Kendrick saw this and felt the pain we all did, so he decided to make an album that was profoundly black. Shit the cover is a group of niggas mobbin on the white house lawn. This is blackness. 

When it came out it was lauded as a classic, it won Grammys and was treated as the second coming of Christ. To be honest I wasn't much of a fan. It felt like people exaggerated its greatness because they felt guilty about Macklemore and seeing dead black males on TV, so instead of creating an opinion they agreed that it was great. "I'm not a racist, I LOVE TPAB" 

Now however, I'm in a different headspace, I just watched another black man get gunned down, my dads in Zimbabwe while there's riots going on throughout the capital, I feel tense hopelessness as a black man in the world. With all the potential I've been taught to believe in I don't know where to apply it; this is how Kendrick feels. 

This album is Kendrick saying "I am in strange place in my life, people love me for my talent but hate me for things I can't control" He wants to do everything on every track: save the world, express his anxiety and shame hoes. Man he really does love shaming hoes. 

Rap is misogynistic, a lot of it is based in hyper masculinity, being a "superthug" so with that ideal comes the idea that women are not to be respected. There have been strides made but there's also a long way to go. Kendrick's kind of misogynistic in the sense that he likes to tell women how they SHOULD act. This is to me is worse than a Gucci or Migos level of misogyny because Kendrick is supposed to be "WOKE". Where Migos and Gucci rap about what they know and when they learn more they change their perspective, Kendrick almost refuses to. From his first mixtape to now Kendrick's vision of the world has been molded and shaped by new vast experiences, but at the same time he's referred to women the same way for like 6 years. I could go on and on about this subject but I'll save it for a conversation about feminism with a girl I wanna sleep with. 
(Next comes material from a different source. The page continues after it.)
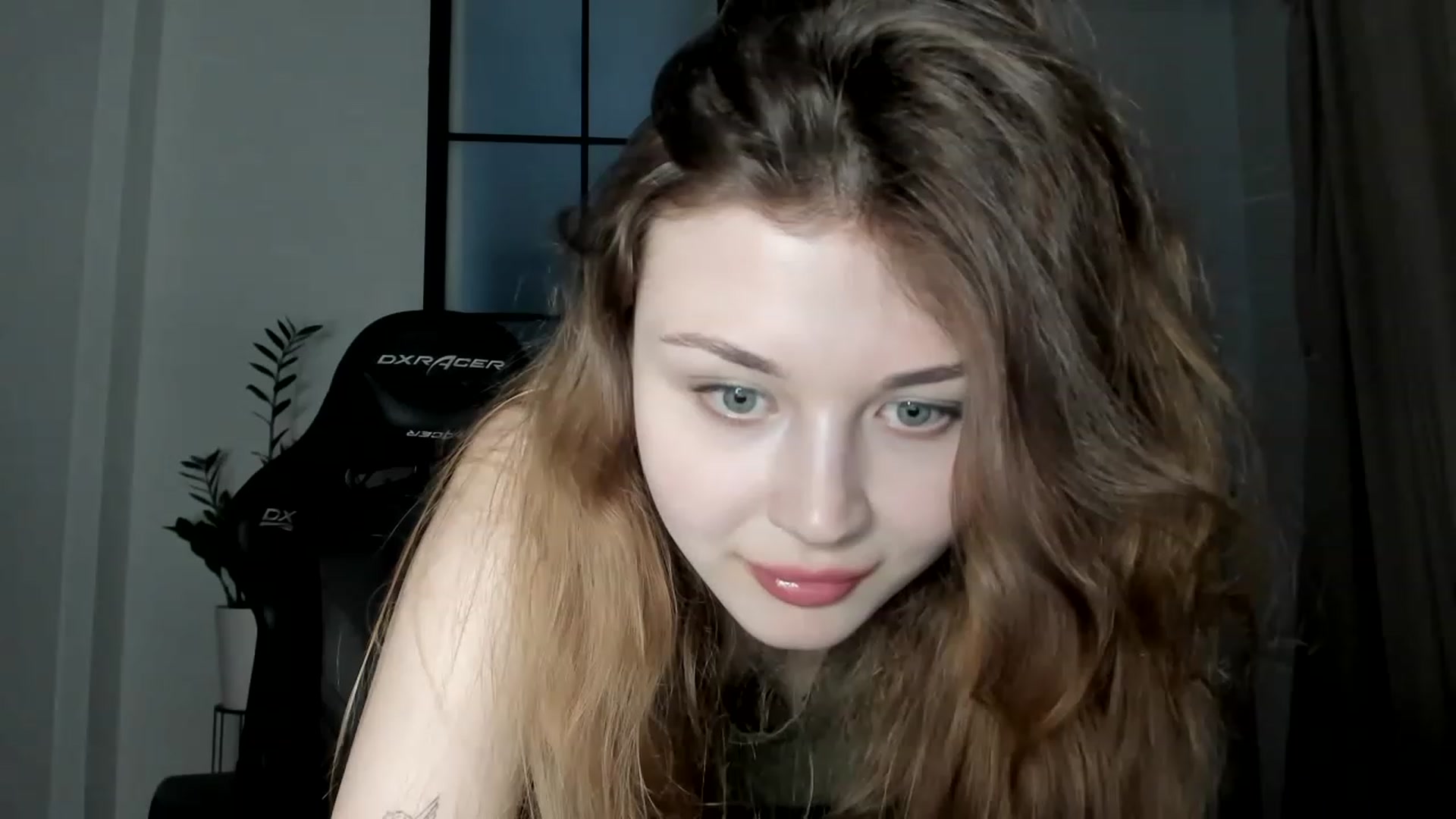Gallery image thumbnail from Cassiopeeia's myfreecams stream on, 04/02/2023, 16:06 image 6 of 20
Now besides all this, To Pimp A Butterfly is a very uncomfortable album. Some tracks are turnt, some tracks are relaxed, Kendrick does a spoken word poem/conversation with 2pac, its hard to read. Remember that seen in Boyz n Da Hood where Tre throws air punches cuz he feels so angry about how helpless he is? This album is like that for about an hour. 

Despite the unorganized thought and passion, I respect that Kendrick made this album. It feels like I've peaked into the mind of a young black man who's got the whole world on his shoulders. To Pimp a Butterfly is a hiphop anxiety attack. Sometimes I need to listen to it, but most of the time I can do with out. 

I give this 8 cans of Murray's Beeswax out of 10.